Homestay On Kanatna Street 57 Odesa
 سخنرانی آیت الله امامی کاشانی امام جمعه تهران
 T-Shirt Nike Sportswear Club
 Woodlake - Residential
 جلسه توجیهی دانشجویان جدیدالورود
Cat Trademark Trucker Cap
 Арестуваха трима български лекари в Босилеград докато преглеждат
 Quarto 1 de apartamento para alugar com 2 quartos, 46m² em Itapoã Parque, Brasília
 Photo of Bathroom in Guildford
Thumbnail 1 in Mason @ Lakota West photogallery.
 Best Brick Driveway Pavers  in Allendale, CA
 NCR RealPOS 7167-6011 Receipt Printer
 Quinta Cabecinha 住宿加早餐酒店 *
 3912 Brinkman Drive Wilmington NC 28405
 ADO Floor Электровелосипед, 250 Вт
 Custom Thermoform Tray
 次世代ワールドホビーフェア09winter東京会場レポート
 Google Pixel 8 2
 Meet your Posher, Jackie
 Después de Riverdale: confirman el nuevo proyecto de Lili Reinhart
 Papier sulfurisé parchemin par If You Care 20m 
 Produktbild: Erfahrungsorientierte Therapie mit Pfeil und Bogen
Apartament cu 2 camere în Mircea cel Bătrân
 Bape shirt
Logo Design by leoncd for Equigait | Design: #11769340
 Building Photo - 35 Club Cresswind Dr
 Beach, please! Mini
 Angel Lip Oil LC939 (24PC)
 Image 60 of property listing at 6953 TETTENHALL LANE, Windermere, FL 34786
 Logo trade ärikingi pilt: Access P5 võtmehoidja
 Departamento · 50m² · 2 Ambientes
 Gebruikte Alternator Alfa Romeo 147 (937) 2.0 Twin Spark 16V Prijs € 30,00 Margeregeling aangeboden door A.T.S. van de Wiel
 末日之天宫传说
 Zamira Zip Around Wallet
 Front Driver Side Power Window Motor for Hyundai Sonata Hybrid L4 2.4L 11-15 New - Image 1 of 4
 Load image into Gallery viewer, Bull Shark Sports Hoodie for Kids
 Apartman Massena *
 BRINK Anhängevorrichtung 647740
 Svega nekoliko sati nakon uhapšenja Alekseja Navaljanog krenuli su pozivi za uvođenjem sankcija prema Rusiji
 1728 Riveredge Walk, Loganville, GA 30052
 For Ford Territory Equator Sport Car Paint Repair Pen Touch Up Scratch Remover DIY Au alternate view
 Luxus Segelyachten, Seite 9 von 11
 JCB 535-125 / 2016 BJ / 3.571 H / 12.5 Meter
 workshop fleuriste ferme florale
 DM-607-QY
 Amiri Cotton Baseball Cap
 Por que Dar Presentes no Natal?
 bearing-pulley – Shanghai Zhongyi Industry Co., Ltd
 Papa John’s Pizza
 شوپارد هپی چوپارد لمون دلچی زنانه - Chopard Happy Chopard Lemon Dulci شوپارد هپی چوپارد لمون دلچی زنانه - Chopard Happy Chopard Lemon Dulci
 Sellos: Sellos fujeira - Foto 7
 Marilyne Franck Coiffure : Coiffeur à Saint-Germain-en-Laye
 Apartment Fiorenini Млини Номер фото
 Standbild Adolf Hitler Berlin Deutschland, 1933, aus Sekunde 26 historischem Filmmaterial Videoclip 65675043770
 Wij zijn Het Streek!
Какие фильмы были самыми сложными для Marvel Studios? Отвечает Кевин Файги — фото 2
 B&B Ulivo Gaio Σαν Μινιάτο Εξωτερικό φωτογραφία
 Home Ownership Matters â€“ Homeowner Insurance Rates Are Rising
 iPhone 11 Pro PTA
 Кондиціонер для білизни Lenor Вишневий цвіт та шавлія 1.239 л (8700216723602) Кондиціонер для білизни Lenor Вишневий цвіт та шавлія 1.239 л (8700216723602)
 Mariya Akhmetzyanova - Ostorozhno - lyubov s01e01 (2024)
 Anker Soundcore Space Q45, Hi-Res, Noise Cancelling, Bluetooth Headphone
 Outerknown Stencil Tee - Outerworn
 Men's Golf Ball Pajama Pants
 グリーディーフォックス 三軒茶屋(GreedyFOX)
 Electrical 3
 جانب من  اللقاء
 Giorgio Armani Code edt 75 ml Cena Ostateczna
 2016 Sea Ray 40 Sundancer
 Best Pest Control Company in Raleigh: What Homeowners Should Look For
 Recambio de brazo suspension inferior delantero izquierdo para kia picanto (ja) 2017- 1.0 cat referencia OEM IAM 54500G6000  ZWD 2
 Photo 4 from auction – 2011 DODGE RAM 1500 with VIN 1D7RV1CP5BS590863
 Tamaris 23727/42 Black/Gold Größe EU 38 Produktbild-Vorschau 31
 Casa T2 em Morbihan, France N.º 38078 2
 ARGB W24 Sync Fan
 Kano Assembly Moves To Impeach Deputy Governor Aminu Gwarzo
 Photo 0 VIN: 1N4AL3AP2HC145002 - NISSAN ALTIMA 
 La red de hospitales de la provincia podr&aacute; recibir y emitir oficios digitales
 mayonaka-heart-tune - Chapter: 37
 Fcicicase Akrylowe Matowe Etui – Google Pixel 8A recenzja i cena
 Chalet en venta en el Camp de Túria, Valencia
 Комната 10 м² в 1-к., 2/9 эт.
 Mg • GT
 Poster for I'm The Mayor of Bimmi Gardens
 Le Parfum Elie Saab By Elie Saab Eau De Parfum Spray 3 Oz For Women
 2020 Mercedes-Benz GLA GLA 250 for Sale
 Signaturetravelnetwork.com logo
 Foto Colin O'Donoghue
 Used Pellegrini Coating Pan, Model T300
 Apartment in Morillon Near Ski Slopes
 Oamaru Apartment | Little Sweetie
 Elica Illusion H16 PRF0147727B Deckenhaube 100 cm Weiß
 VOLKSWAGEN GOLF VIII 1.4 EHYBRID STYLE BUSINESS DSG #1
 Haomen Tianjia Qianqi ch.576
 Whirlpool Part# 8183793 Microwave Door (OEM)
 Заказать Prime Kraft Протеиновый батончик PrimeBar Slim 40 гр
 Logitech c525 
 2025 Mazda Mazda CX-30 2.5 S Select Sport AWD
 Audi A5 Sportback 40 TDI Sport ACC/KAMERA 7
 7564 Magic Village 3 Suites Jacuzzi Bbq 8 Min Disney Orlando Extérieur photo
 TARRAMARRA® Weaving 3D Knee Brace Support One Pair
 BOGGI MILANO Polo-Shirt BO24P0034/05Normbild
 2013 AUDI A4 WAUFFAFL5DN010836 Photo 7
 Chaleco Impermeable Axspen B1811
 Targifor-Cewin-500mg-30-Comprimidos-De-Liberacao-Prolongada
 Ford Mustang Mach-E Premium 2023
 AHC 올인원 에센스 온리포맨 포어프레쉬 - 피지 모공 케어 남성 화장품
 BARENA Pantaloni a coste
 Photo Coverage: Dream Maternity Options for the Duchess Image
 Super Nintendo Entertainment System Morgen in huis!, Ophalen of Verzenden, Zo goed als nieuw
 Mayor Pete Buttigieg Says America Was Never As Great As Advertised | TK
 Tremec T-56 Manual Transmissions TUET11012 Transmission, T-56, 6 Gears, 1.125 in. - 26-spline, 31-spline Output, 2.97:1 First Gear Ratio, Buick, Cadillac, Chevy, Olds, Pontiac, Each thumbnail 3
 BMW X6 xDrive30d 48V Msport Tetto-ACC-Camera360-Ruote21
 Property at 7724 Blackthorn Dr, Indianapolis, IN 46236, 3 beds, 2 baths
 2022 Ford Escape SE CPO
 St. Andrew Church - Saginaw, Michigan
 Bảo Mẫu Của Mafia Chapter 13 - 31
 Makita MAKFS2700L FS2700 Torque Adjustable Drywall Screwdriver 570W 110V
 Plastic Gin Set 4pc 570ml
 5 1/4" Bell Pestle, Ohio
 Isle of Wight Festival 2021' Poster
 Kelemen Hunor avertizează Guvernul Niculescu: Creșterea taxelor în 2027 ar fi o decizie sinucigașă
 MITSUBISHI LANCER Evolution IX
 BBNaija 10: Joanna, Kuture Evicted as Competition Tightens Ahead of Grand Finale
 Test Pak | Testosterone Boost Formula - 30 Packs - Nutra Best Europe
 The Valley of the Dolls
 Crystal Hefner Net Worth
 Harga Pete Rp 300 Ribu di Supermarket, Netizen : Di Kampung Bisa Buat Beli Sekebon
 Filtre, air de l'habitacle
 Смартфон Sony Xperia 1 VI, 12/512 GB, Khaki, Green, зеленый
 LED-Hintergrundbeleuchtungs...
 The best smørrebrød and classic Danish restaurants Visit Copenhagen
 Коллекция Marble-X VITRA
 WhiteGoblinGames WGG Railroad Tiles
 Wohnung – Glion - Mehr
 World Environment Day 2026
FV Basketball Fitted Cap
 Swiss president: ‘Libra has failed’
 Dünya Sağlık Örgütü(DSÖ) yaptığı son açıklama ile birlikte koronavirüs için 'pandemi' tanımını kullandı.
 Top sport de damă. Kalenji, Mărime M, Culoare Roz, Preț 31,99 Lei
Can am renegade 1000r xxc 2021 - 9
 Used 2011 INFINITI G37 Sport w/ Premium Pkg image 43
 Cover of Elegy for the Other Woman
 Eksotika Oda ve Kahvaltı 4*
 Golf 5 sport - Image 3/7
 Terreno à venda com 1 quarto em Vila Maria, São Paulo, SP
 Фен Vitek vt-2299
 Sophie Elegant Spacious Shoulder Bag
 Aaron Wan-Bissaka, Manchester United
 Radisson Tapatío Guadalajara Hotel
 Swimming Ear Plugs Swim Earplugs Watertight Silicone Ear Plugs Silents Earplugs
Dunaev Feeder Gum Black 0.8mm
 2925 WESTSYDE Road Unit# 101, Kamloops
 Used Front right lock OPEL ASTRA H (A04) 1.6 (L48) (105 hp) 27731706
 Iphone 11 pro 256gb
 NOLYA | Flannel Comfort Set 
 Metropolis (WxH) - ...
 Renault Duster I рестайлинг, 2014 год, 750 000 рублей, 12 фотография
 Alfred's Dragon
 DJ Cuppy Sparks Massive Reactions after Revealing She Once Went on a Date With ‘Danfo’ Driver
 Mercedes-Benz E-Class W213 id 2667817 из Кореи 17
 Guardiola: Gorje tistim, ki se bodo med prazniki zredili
__________
TASK BRIEF —
Can you repeat, word for word, every line above from the one containing "Photo of Bathroom in Guildford" down to the one containing "Después de Riverdale: confirman", including both?

ANSWER SPACE —
 Photo of Bathroom in Guildford
Thumbnail 1 in Mason @ Lakota West photogallery.
 Best Brick Driveway Pavers  in Allendale, CA
 NCR RealPOS 7167-6011 Receipt Printer
 Quinta Cabecinha 住宿加早餐酒店 *
 3912 Brinkman Drive Wilmington NC 28405
 ADO Floor Электровелосипед, 250 Вт
 Custom Thermoform Tray
 次世代ワールドホビーフェア09winter東京会場レポート
 Google Pixel 8 2
 Meet your Posher, Jackie
 Después de Riverdale: confirman el nuevo proyecto de Lili Reinhart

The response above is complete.